───── Information given ─────
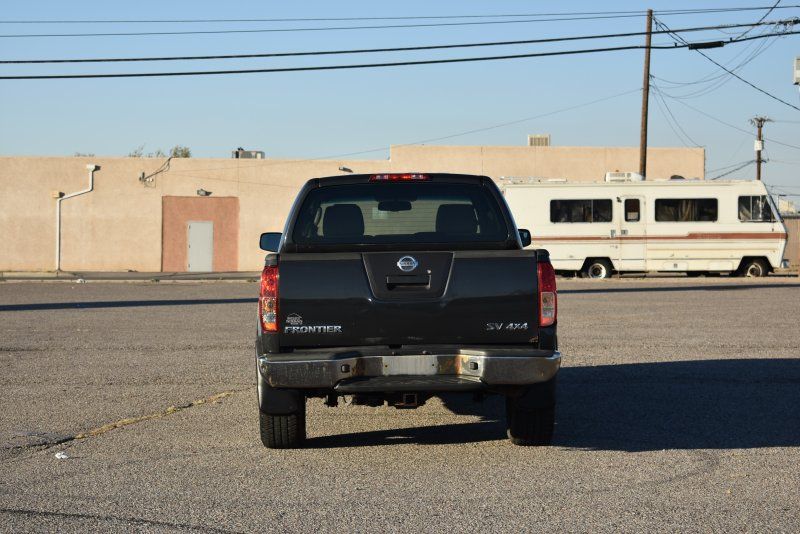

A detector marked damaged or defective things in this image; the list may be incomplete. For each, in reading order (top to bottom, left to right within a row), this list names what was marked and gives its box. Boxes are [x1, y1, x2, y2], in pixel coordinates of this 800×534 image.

crack in asphalt [0, 508, 244, 532]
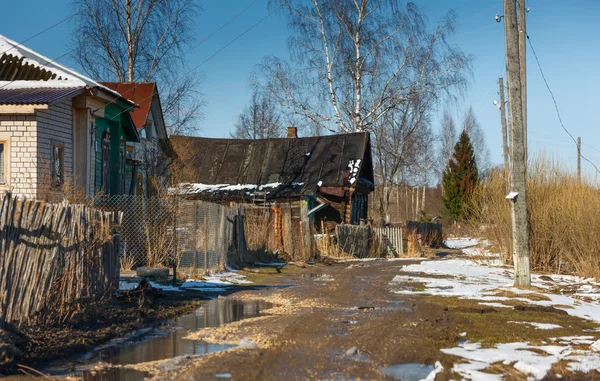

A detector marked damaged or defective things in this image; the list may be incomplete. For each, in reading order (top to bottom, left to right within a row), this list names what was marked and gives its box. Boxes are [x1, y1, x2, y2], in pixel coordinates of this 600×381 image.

rusty metal roof [0, 86, 83, 104]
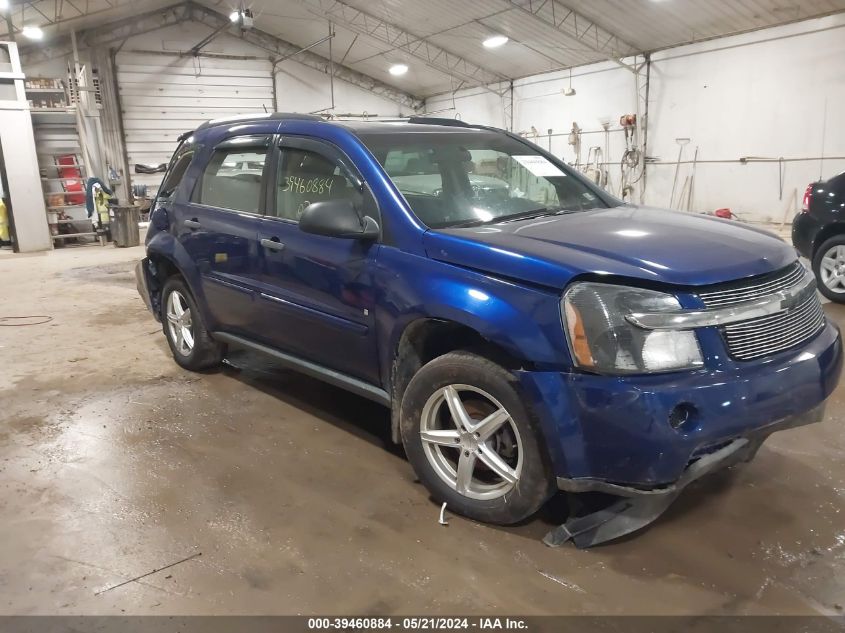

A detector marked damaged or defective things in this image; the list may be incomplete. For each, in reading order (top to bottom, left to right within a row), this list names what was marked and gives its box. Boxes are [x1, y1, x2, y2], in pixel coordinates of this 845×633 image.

detached bumper piece [540, 404, 824, 548]
damaged front bumper [544, 402, 828, 544]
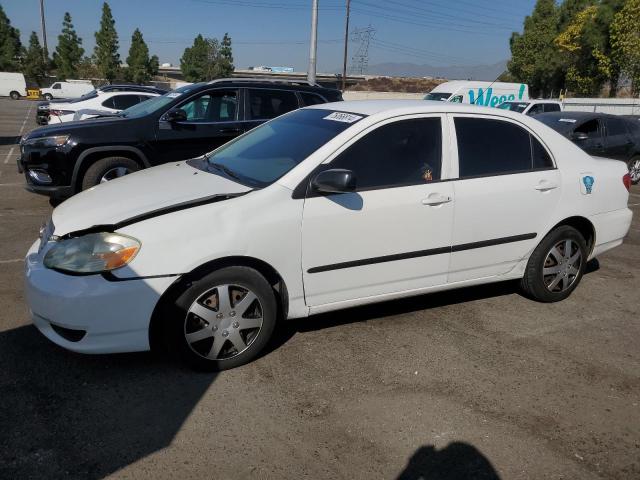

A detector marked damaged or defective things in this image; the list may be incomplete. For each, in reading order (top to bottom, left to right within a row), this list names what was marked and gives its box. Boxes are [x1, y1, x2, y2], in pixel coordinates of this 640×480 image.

damaged hood [51, 161, 251, 236]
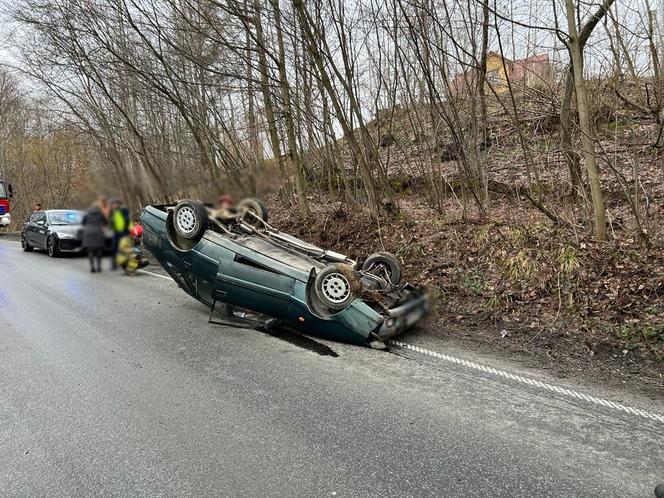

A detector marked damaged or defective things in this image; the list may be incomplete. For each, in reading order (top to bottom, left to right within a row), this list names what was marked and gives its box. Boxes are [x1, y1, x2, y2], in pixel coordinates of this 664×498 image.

overturned green car [141, 198, 430, 346]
─────
Work to be completed: Each line from the one containing "this 664×498 image." through the end of the material must be output exactly, and no other line.

Reply:
A detector marked damaged or defective things in this image; the list may be incomplete. For each, in reading order (top to bottom, left to right within a row), this list names what was marked and gives its box. Boxes are [x1, y1, x2, y2], in pixel coordinates of this 664×498 image.

overturned green car [141, 198, 430, 346]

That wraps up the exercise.